I actually sympathize with the good former DCJ. The sudden shift of allegiances, it’s like someone had whispered to Ibrahim that he would become acting CJ instead of Rawal if she lost.
Talking of Ibrahim, I bet he is somewhere sipping on something very exotic drink in a self congratulating antic – a routine he will carry through the next one or two weeks. And I do not blame him, surely it’s not so often that fortune smiles so widely upon a single mortal! I actually think that when the bottle runs dry, he’ll address to himself a congratulatory card, which he will autograph then place somewhere conspicuous for the gaze of all and sundry.
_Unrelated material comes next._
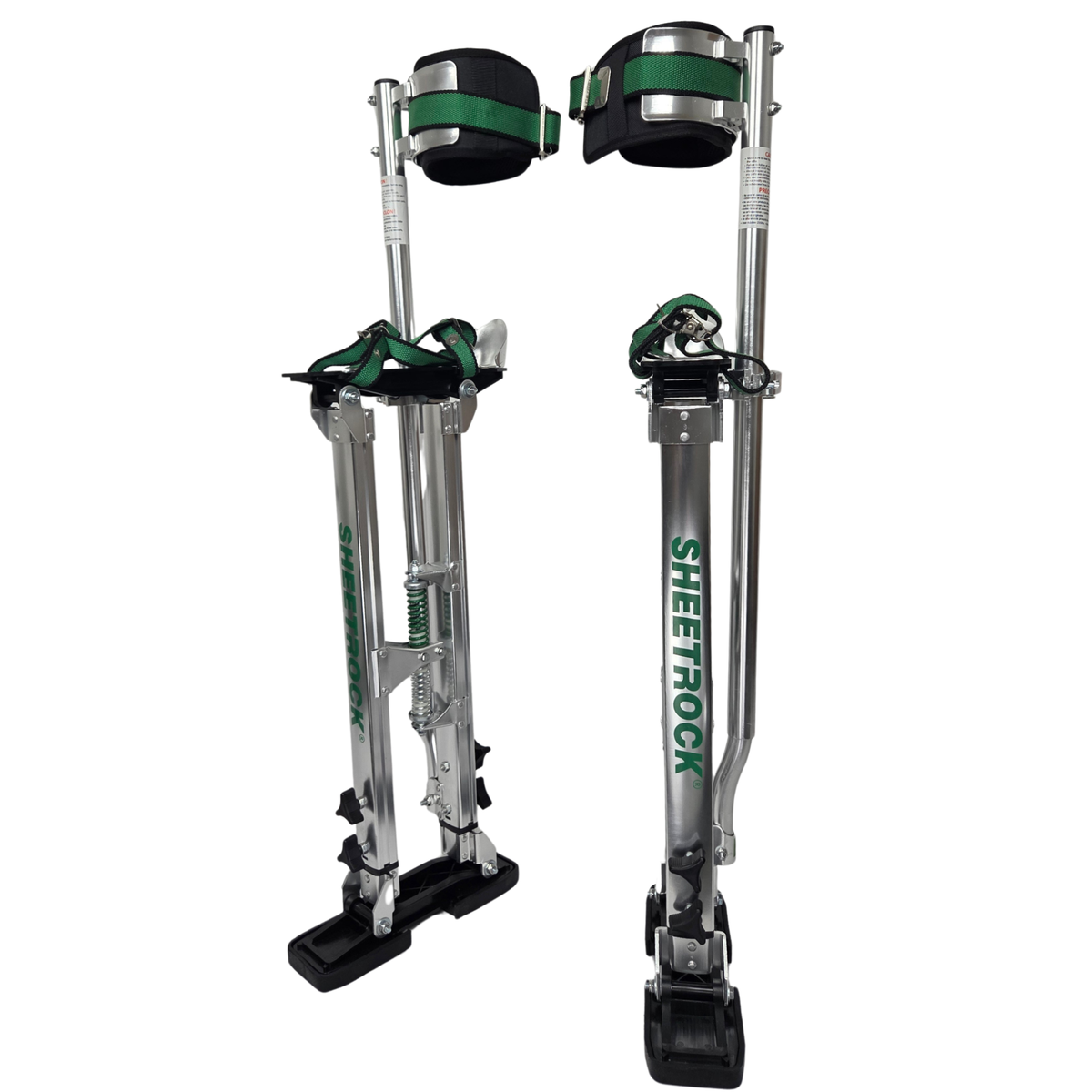 USG Sheetrock Aluminum Drywall Stilts – 24-40"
Who knows, he could even conscript a collage of “Mohammed Ibrahim is CJ” newspaper cuttings which, together with a photo of him in his CJ drape, he’ll meticulously fit in an ivory frame then hang majestically in his living room for his visitors.
A bias so obvious
For Justices who had spent the better part of the evening justifying their ability to rise above the person and bona fides to consider matters in spite of the overwhelming weight of bias hanging over them, it doesn’t paint a rosy picture that Ndung’u and Ojwang connived to skip their boss’s send off ceremony. While the temperament of Supreme Court judges has often been decried, such bad taste was always directed to the court of appeal. Not to itself!
On this day, it was all there for all to see; personal rivalry, disdain for one another and the hand of X. Revisiting the proceedings, the only person that Ojwang seemed to have respect for was Senior Counsel Pheroze Nowrojee on whose submissions, almost word for word, he made his ruling. Otherwise, the rest of his read was spent shuffling between legalese and aiming thinly veiled jibes at Mutunga and the usual punching bag, the Court of Appeal.
And when he was done, it was not difficult to notice that he had moved away from the Chief Justice on his left to get closer to Njoki on his right. So much of disaffection that there was almost a Gulf of Eden between him and the CJ!
As of Njoki, I almost admired her. In all truth, she has never interrogated the law in her entire four-year tenure as she did that evening. Almost collapsing under the weight of a ruling she didn’t believe in, the good madam stumbled through legalese, hours on end, trying to emphasize her good intentions! How I pray someone would have asked her straight up why she had pushed an urgent matter to a date after the retirement of the CJ.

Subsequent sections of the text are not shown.